È la prevenzione il punto su cui fanno leva diversi esperti del settore, critici nei confronti dell’iniziativa governativa: il sistema penale ha anche una finalità preventiva, quella di disincentivare la commissione di reati. Come sottolineato dal Professore di Diritto penale Massimo Donini, non avere il timore di una denuncia (a fronte dell’intervenuta abrogazione) rischia di dare il via libera alle pulsioni più prevaricatrici da parte dei pubblici ufficiali: «Chi potrebbe sentirsi protetto – si chiede Donini – da una legislazione priva dell’abuso di ufficio nella parte in cui punisce la volontaria violazione di legge commessa dal soggetto pubblico, che rechi intenzionalmente a terzi un danno ingiusto? Credo solo il pubblico ufficiale che abusa».

Per superare il problema della ‘sindrome della firma’ legata al reato di abuso di ufficio non sono mancate proposte anche da chi ha accolto criticamente l’iniziativa governativa di abrogazione. L’alternativa avanzata da Gatta è quella di una riformulazione della figura di reato: una ridescrizione della norma accompagnata da interventi in sede extrapenale, che consentano di rendere più semplice e chiara la regolamentazione amministrativa. Mettere i funzionari pubblici nelle condizioni di sapere cosa possono firmare o meno grazie a più chiare regole amministrative, questa è l’idea.

Proposta avanzata anche dalla leader dem Elly Schlein: «Sull’abuso d’ufficio noi non siamo per l’abrogazione, siamo sicuramente disponibili al confronto su una riforma che possa delineare meglio la fattispecie ed evitare anche degli effetti distorsivi, però non l’abrogazione».

Quanto alle possibili conseguenze dell’abrogazione, altra parte della dottrina penalistica ha messo in luce un punto diverso rispetto a quello dell’apertura di un vuoto normativo: il rischio che situazioni prima riconducibili all’abuso di ufficio siano ricondotte a reati più gravi previsti dal nostro ordinamento. Con il contraccolpo, inevitabile, di arrivare a un risultato diametralmente opposto rispetto a quello perseguito dal ddl Nordio: la volontà di limitare le ingerenze della magistratura nell’attività dei pubblici amministratori finirebbe per essere vanificata da un aumento di contestazioni per fatti più gravi. 
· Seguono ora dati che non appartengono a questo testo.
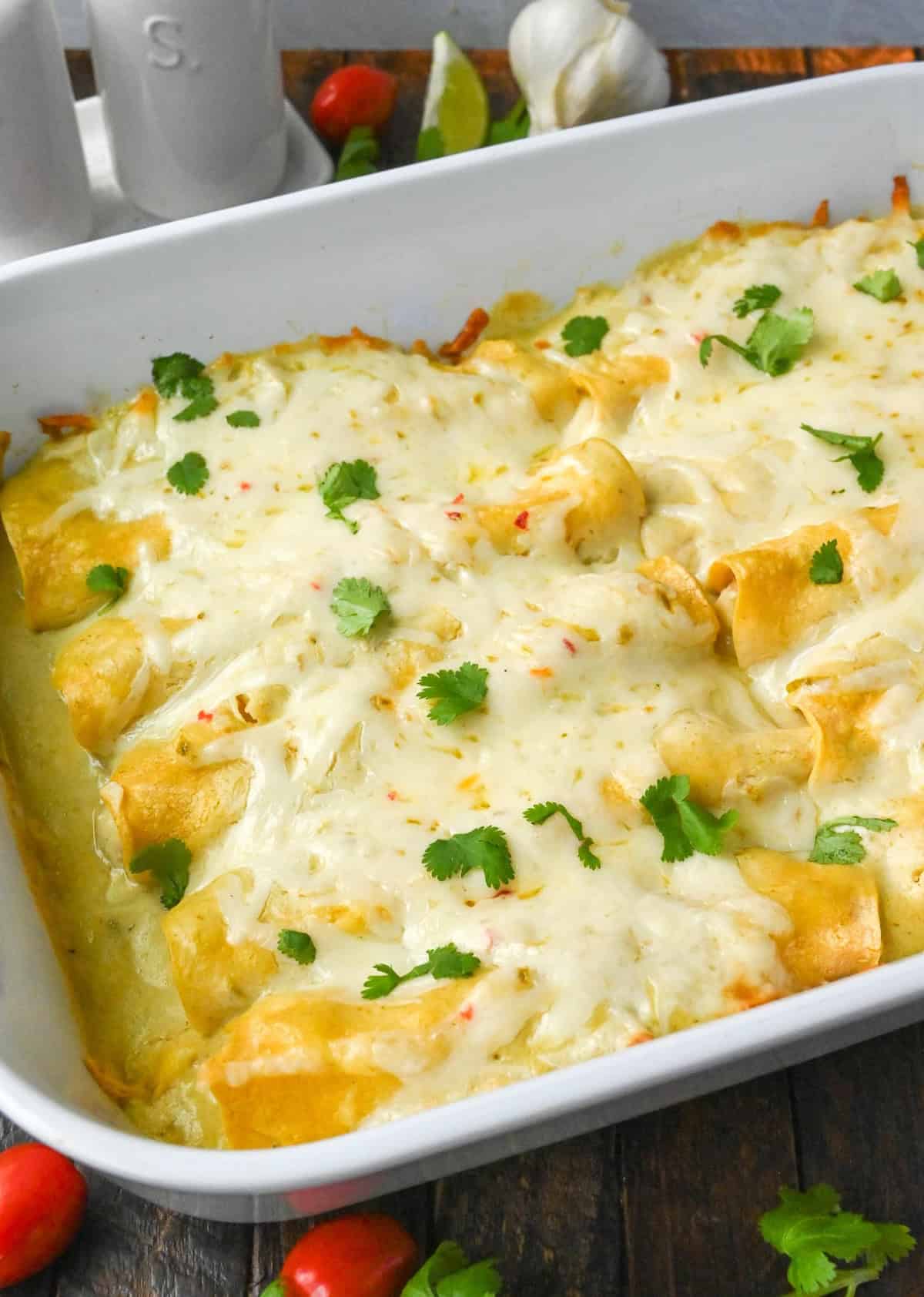 White chicken chile enchilada in a baking dish.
Preoccupazione avanzata in un primo momento anche da Giulia Bongiorno (Lega) – presidente della Commissione Giustizia – secondo la quale abolire il reato non ridurrebbe il numero di procedimenti, ma comporterebbe il rischio che le procure possano dare interpretazioni estensive ad altri reati contro la pubblica amministrazione, per compensare il venir meno dell’abuso d’ufficio. Ma anche dalla Lega è poi arrivato il via libera all’abrogazione, «alla luce dell’intenzione del ministro (Nordio) di rivisitare l’intera materia dei reati contro la Pa».
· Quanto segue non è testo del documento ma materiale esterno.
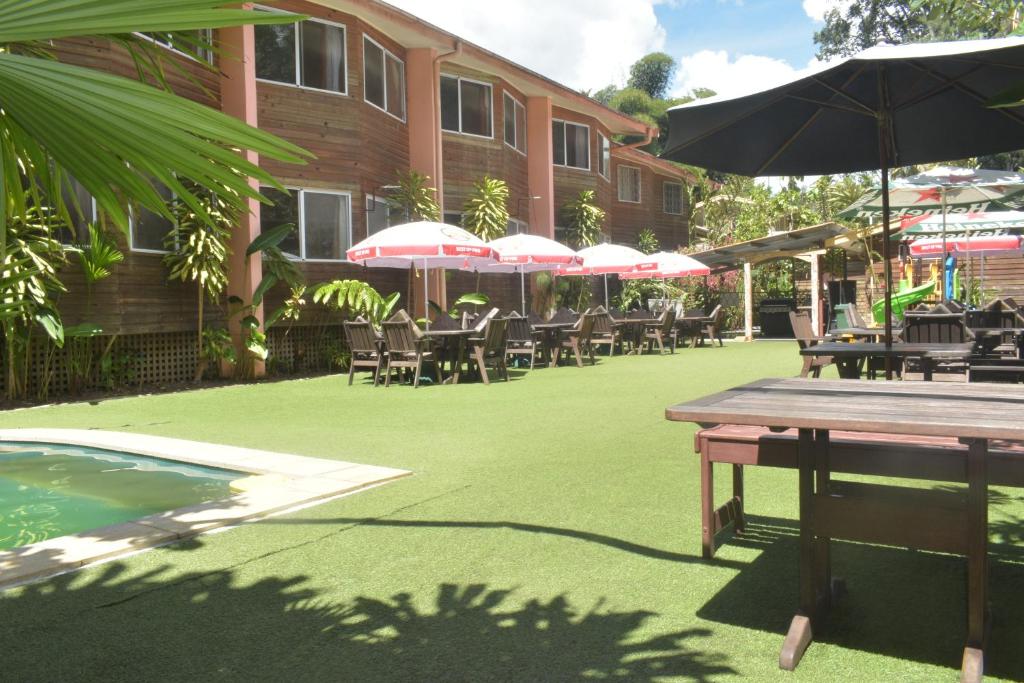 an outdoor patio with tables and chairs and umbrellas at Pacific Gardens Hotel in Goroka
La questione è quindi dibattuta sotto più punti di vista.

Ma, data l’intervenuta decisione della Camera, non resta ora che attendere i prossimi sviluppi: ci saranno interventi normativi ulteriori? L’abrogazione aprirà un vuoto di tutela o comporterà un aumento dei processi per reati più gravi? Sono in molti a chiederselo. 

Clara Molinari
Studentessa di giurisprudenza, scrivo per dare ascolto ai miei pensieri e farli dialogare con l’esterno. Cinema e lettura sono le mie fonti di emozioni e conoscenza; la curiosità è ciò che lega il tutto.